NB The pain of frequent small losses exceeds the pleasure of equally frequent small gains

. Emotionally loaded words quickly attract attention; with bad words, like crime, war, etc, attracting attention faster than do words like peace, love, etc. Even though there is no real threat, words can create a picture of an event. The mere reminder of a bad event is treated as threatening and can evoke an emotional reaction. For example, statements of opinion that strongly disagree with your own can be seen as a threat.

. Some examples on the importance of framing, ie words used

- the results of a soccer match, eg "Italy won"/ "France lost". Do these statements have the same meaning? They can evoke markedly different emotional responses and can have different meanings

- lotteries - a bad outcome is more acceptable if it is framed as the cost of lottery ticket that did not win than if it is simply described as losing a gamble, ie losses evoke stronger negative feelings than costs

- fuel stations - charge different prices for cash or credit purchases, ie cash is cheaper. It is called a cash discount, not a credit surcharge. People will more readily forego a discount and pay a surcharge

- "...The two may be economically equivalent, but they are not emotionally equivalent..."

- Daniel Kahneman 2012

- mortality - 90% survival sounds encouraging while 10% mortality sounds frightening

- opting in and opting out clauses - it is the best indicator of whether people will donate organs or not. The opt-out has a significantly higher adoption rate than the opt-in situation

. Choices are not reality-bound. The tendency to approach or avoid are revoked by the words used, ie loss v. gain, keep v. lose, etc. Our preferences are frame-bound rather than reality-bound. Risk-averse and risk-seeking preferences are not reality-bound. Preferences between the same objective outcomes with different formulations.

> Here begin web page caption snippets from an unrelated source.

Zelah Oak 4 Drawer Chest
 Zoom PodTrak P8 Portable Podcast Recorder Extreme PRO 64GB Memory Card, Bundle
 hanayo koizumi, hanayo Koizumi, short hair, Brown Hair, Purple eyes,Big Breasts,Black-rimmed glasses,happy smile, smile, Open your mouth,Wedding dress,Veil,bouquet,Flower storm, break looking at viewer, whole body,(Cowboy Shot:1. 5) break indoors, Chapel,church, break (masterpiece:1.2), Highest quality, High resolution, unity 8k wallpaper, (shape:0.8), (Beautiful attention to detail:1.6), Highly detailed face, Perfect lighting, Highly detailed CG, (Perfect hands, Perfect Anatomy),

. Framing effect = people are more likely to choose the sure thing in the keep frame and more likely to accept the gamble than the loss. Even professionals react the same way as non-professionals. Your moral feelings are attached to the frames, ie their description of reality rather than to reality itself.

. Broadening frames leads to more rational decisions; conversely, narrowing frames leads to less rational decisions

. Cost-loss discrepancy = something is framed as a choice between a sure loss and a risk of greater loss, eg, insurance; losses are more aversive than costs

. Dead-loss effect = an individual's subjective state can be improved by framing negative outcomes as costs rather than as losses, eg paying a sport's membership fee and then experiencing an injury that means playing the sport is painful, many people will continue to endure the pain and play the sport as they have paid the membership fee (the fee would be a dead loss if the subscriber stopped playing)

Prospect theory = human beings are best understood as being risk-adverse when making a decision that offers hope of gain but risk-seeking when making a decision that will lead to a certain loss.

Framing = how people react to a choice depending on whether it is presented to them as a risk or a gain.

The brain was not designed to calculate the probabilities in complex situations like flying an aeroplane. Thus people who fly aeroplanes are susceptible to sensory illusion, ie a pilot, without instruments, who flies into clouds as an average life expectancy of around 3 minutes.

People's minds cope with loss by drifting into fantasy places where loss never occurs

Areas of interest

- studying rules of regret

- understanding people's anticipation of the unpleasant emotion

- how people can do the events that have already happened

- understand states of frustrated hope, relief or regret (are they important aspects of the experience of consequences? It is suspected that there is a major bias against acknowledgement of the true impact of such experience)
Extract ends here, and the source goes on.